## INSTRUCTIONS TO FOLLOW
Your answer must be the exact lines from the one holding "Front View of property in Lenasia South" through the final line of the records below, both included, and nothing more.

——

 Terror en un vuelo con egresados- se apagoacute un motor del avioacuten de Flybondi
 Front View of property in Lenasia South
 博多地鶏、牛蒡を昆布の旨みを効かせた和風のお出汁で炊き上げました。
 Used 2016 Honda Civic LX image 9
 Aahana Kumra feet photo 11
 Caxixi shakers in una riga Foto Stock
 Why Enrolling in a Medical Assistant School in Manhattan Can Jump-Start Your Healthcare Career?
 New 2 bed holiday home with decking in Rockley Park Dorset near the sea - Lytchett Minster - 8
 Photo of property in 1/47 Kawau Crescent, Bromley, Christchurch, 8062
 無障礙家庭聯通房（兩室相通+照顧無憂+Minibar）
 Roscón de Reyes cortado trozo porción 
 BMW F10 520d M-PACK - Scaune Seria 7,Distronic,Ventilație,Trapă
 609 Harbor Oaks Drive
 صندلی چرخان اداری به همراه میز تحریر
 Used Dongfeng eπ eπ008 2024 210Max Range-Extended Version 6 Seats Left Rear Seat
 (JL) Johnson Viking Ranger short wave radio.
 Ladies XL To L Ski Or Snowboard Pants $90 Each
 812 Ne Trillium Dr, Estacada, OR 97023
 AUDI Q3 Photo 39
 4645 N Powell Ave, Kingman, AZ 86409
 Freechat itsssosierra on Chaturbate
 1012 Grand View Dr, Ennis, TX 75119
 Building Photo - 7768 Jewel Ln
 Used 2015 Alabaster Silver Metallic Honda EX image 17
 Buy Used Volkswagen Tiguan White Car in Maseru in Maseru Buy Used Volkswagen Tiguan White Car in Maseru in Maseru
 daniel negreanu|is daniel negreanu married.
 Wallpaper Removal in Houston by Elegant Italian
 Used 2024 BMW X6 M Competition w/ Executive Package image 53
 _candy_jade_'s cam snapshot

——

## WRITTEN ANSWER
 Front View of property in Lenasia South
 博多地鶏、牛蒡を昆布の旨みを効かせた和風のお出汁で炊き上げました。
 Used 2016 Honda Civic LX image 9
 Aahana Kumra feet photo 11
 Caxixi shakers in una riga Foto Stock
 Why Enrolling in a Medical Assistant School in Manhattan Can Jump-Start Your Healthcare Career?
 New 2 bed holiday home with decking in Rockley Park Dorset near the sea - Lytchett Minster - 8
 Photo of property in 1/47 Kawau Crescent, Bromley, Christchurch, 8062
 無障礙家庭聯通房（兩室相通+照顧無憂+Minibar）
 Roscón de Reyes cortado trozo porción 
 BMW F10 520d M-PACK - Scaune Seria 7,Distronic,Ventilație,Trapă
 609 Harbor Oaks Drive
 صندلی چرخان اداری به همراه میز تحریر
 Used Dongfeng eπ eπ008 2024 210Max Range-Extended Version 6 Seats Left Rear Seat
 (JL) Johnson Viking Ranger short wave radio.
 Ladies XL To L Ski Or Snowboard Pants $90 Each
 812 Ne Trillium Dr, Estacada, OR 97023
 AUDI Q3 Photo 39
 4645 N Powell Ave, Kingman, AZ 86409
 Freechat itsssosierra on Chaturbate
 1012 Grand View Dr, Ennis, TX 75119
 Building Photo - 7768 Jewel Ln
 Used 2015 Alabaster Silver Metallic Honda EX image 17
 Buy Used Volkswagen Tiguan White Car in Maseru in Maseru Buy Used Volkswagen Tiguan White Car in Maseru in Maseru
 daniel negreanu|is daniel negreanu married.
 Wallpaper Removal in Houston by Elegant Italian
 Used 2024 BMW X6 M Competition w/ Executive Package image 53
 _candy_jade_'s cam snapshot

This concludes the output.